Ceux qui poussent les autres vers la mort (tout en restant à l'abri)

On lit parfois les témoignages de personnes désespérées, qui se sentent coupables d'avoir poussé un de leurs proches au suicide. Elles-mêmes suicidaires, elles n'ont pas su protéger leur entourage contre l'influence délétère de leur mal-être. Ces personnes-là sont peut-être coupables, mais ce n'est certainement pas moi qui vais les juger. Que quelqu'un de complètement perdu égare ceux qui le suivent n'est que logique, rien de plus.

Mais il y a d'autres personnes, ayant un tout autre profil, et qui elles savent très bien ce qu'elles font. Celles-là ne sont pas dépressives, ni angoissées, ni désespérées - au contraire, elles adorent la vie - et c'est de manière tout à fait délibérée et consciente qu'elles poussent les autres vers la mort, soit parce que c'est leur intérêt, soit parce que ça les amuse, tout simplement.

En d'autres temps, on appelait ces gens-là des "méchants", sans que le mot paraisse enfantin ou dérisoire.

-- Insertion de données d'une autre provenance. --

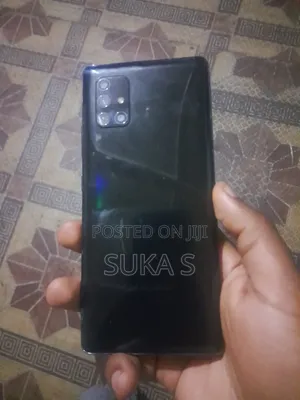 Samsung Galaxy A71 5G 128 GB Black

Aujourd'hui, on les appelerait des "salauds", si le relativisme culturel n'avait pas estompé les notions de bien et de mal. (Tout est question de point de vue, tout est subjectif, bla, bla, bla...)

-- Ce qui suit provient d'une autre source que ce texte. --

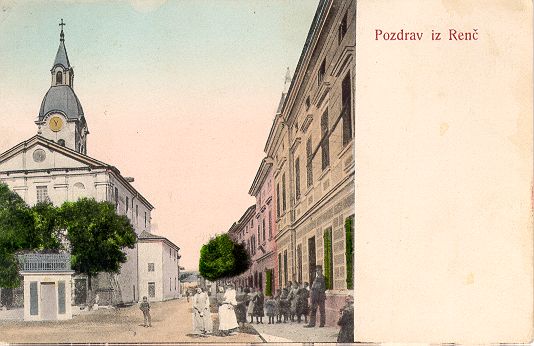 Ren�e 1900 barve
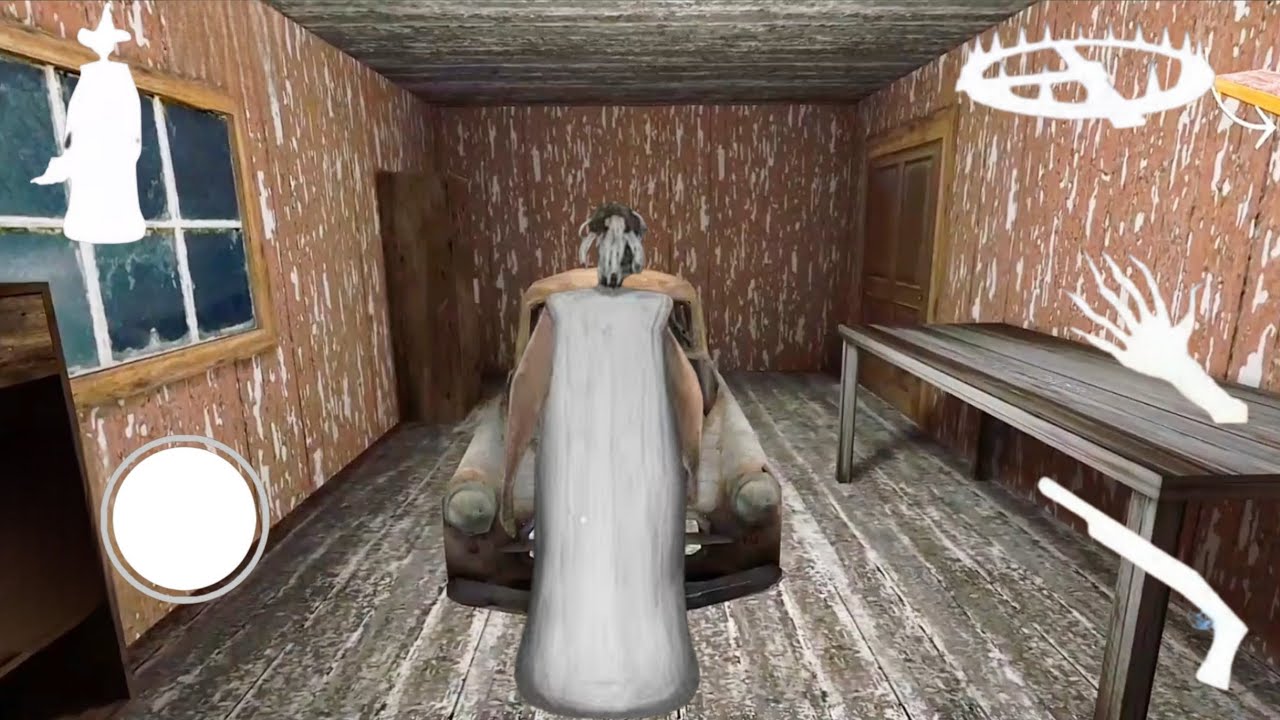 Playing as granny in granny house escape |  granny mod menu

Pendant la première guerre, les journalistes et propagandistes qui encourageaient vivement les gens à aller tuer et se faire tuer tout en restant tranquillement à l'arrière faisaient parti de cette catégorie-là.
C'est une catégorie où il y a beaucoup de monde, parce qu'il y a de nombreuses manières différentes de pousser les autres vers la mort, et aussi parce qu'il est plus facile - et à un certain niveau, plus rentable - d'être un salaud que le contraire.

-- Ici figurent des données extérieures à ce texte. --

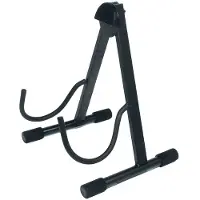 Quiklok GS/437-BB Brauner Ständer für klassische/akustische Gitarre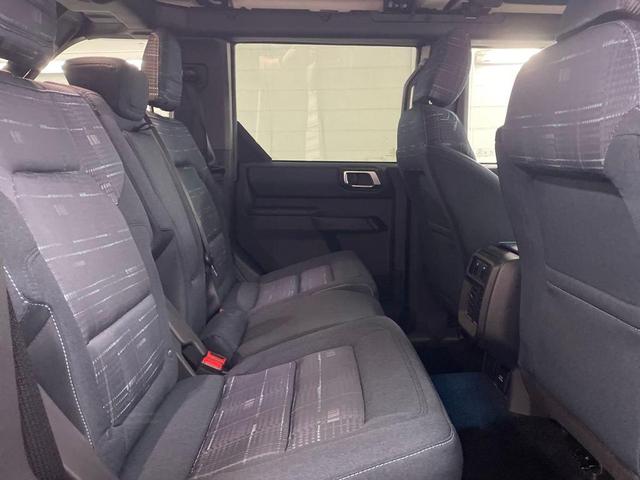 Photo of 2025 Shadow Black Ford Bronco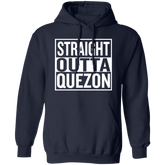 Straight Outta Quezon Unisex Pullover Hoodie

Les publicistes qui célèbrent sur des millions d'affiches les vertus rafraichissantes et désaltérantes de telle boisson alcoolisée en période de canicule savent très bien que leur travail de créatif est responsable d'accidents mortels sur les routes et de vies bousillées par l'alcool. Ils continuent quand même, parce que ça leur rapporte de l'argent et qu'ils n'ont pas assez de conscience pour que ça les dérange.

Mais il y a d'autres façons, plus cachées et subtiles, de pousser les gens à se tuer.

On peut par exemple chanter "On ira tous au Paradis..." (parce que si c'est vrai, pourquoi ne pas y aller tout de suite ?) ou développer dans des ouvrages de "Spiritualité" des idées très séduisantes sur l'Inconnu et Le courage : la joie de vivre dangereusement. (livre qui existe réellement, et dont l'auteur est un soi-disant "grand sage").
Le fait même d'associer les mots joie, vivre et courage à dangereusement constitue une incitation subtile à adopter des comportements dangereux pour soi - autrement dit, à se tuer accidentellement ou volontairement. Le contenu du livre va dans le même sens.

Carlos Castaneda, l'anthropologue mythomane, excelle particulièrement dans ce genre d'incitation intelligente et retorse. Tous ses livres sont des apologies brillantes du Grand Inconnu, et de son exploration.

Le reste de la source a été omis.